Lundi, à la première heure, la Ville de Prince Albert a annoncé qu'elle devait fermer son usine de traitement des eaux, une décision rendue nécessaire par la nappe de pétrole sur la rivière Saskatchewan Nord qui était rendue aux portes de la ville.

Le déversement, causé par une rupture du pipeline de l'entreprise Husky Energy, est survenu jeudi. Entre 200 000 et 250 000 litres de pétrole ont été déversés.

Si les réserves en eau de Prince Albert ne lui permettent de tenir que deux jours, un oléoduc d'environ 30 kilomètres qui transportera l'eau de la rivière Saskatchewan Sud jusqu'à l'usine de traitement des eaux de Prince Albert devrait être fonctionnel dès demain.

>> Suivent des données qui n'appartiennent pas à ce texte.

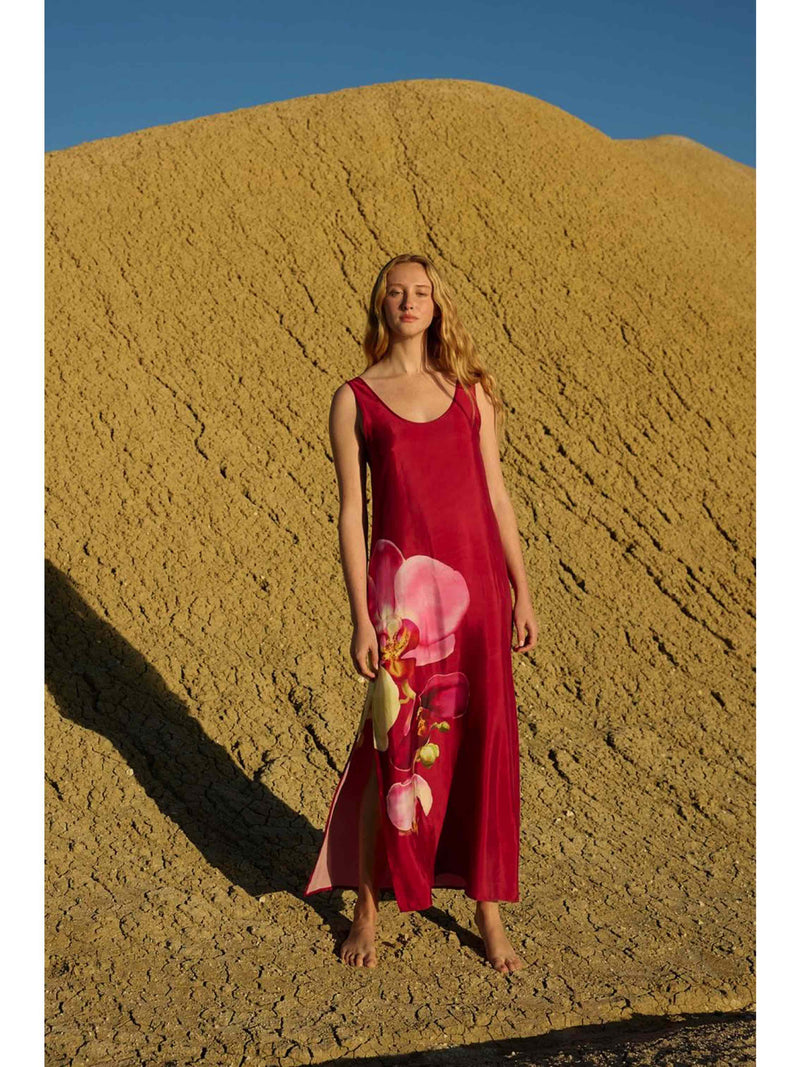 Poppy Dress - Redcurrant Phalae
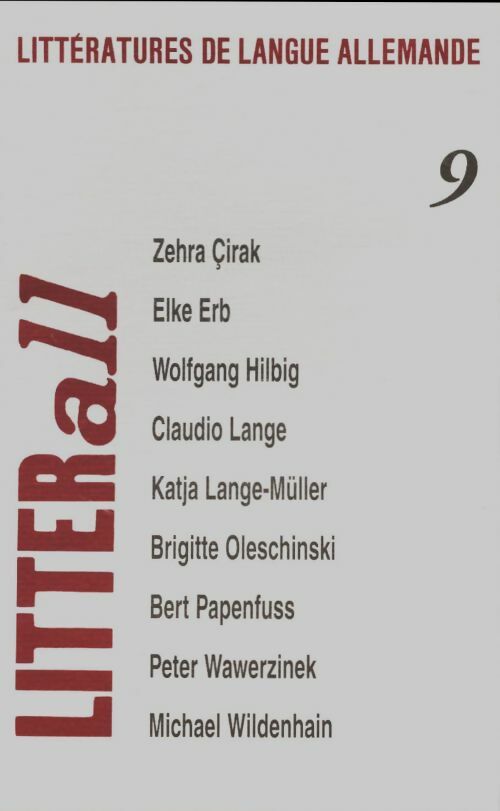 Livrenpoche : Litterall n°9 - Collectif - Livre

Cela ne rassure pas Mme Boe pour autant. « Ce ne saurait être qu'une solution temporaire. Je suis loin d'être certaine que l'eau qui nous sera ainsi acheminée sera suffisante pour nous approvisionner tous si mes concitoyens continuent de gaspiller l'eau comme ils l'ont fait ces derniers jours. »

Photo Jason Franson, La Presse Canadienne

L'eau de Prince Albert provient principalement de la rivière Saskatchewan Nord, dans laquelle entre 200 000 et 250 000 litres de pétrole brut se sont déversés jeudi.

Une autre résidante de Prince Albert, qui n'a pas voulu qu'on écrive ici son nom, se montrait zen. « Ce sont des choses qui arrivent, on le sait, on a déjà vu d'autres ruptures d'oléoduc ailleurs, a-t-elle dit. J'ai grandi dans une ferme, où nous n'avions pas d'eau courante, mais des puits, alors ce genre de situation ne me traumatise pas. Par contre, je ne sais pas trop comment les agriculteurs vont faire pour tenir si la contamination perdure pendant des mois, comme on nous le dit. » 

PAS UN MOT DE LA PROVINCE

Déjà frappée par la chute des prix du pétrole et de la potasse et envisageant un déficit de 434 millions en 2016-2017, la Saskatchewan doit maintenant composer avec cette catastrophe environnementale. 

En janvier, le premier ministre de la Saskatchewan, Brad Wall, a causé la controverse en déclarant sur Twitter que les maires de la région de Montréal qui s'opposent au passage de l'oléoduc Énergie Est devraient rembourser leur part de la péréquation. 

Depuis jeudi, M. Wall n'a rien dit à propos de ce déversement. Sur le site internet de la Saskatchewan, pas un mot là-dessus non plus. Comme si rien n'était arrivé. Ce silence a été critiqué par les personnes interviewées, de même que par des internautes sur les réseaux sociaux. 

L'ALBERTA SUR LA DÉFENSIVE

Mercredi, avant son départ pour Whitehorse, au Conseil de la fédération, la première ministre de l'Alberta, Rachel Notley, a pour sa part affirmé être en mesure de faire taire une bonne partie des critiques avec un plan de développement des oléoducs qui, selon elle, établit un équilibre responsable entre la croissance économique et la protection de l'environnement. 

Les citoyens de Prince Albert s'en remettent aux autorités de leur ville, qui multiplient les mises en garde et les appels à économiser l'eau. Des amendes sont maintenant prévues pour tout citoyen vu en train d'arroser son gazon ou de gaspiller l'eau indûment. Les lave-autos ont été fermés.